/---
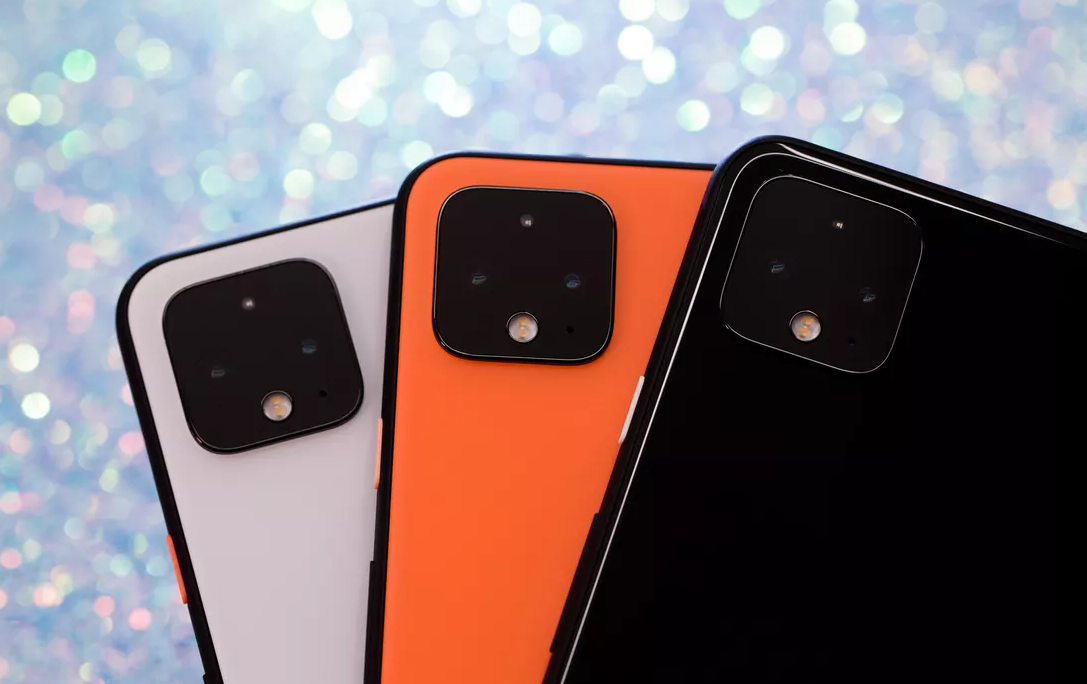 Google Pixel 4 and 4 XL officially Revealed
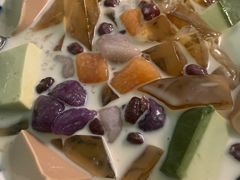 -颜记糖水铺子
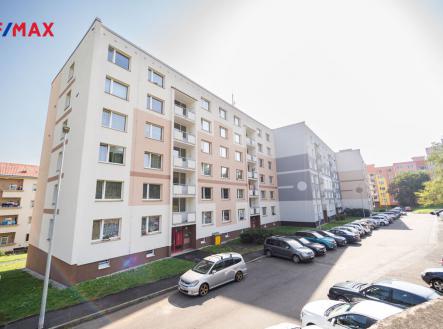 byt-zelezna-usti-martin-strojsa-remax001.jpg | Prodej bytu, 2+1, 63 m²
\---
* _DIRECTIONS_
Repeat the listing word for word, and skip every picture it contains.

* _WRITTEN RESPONSE_
 Google Pixel 4 and 4 XL officially Revealed
 -颜记糖水铺子
 byt-zelezna-usti-martin-strojsa-remax001.jpg | Prodej bytu, 2+1, 63 m²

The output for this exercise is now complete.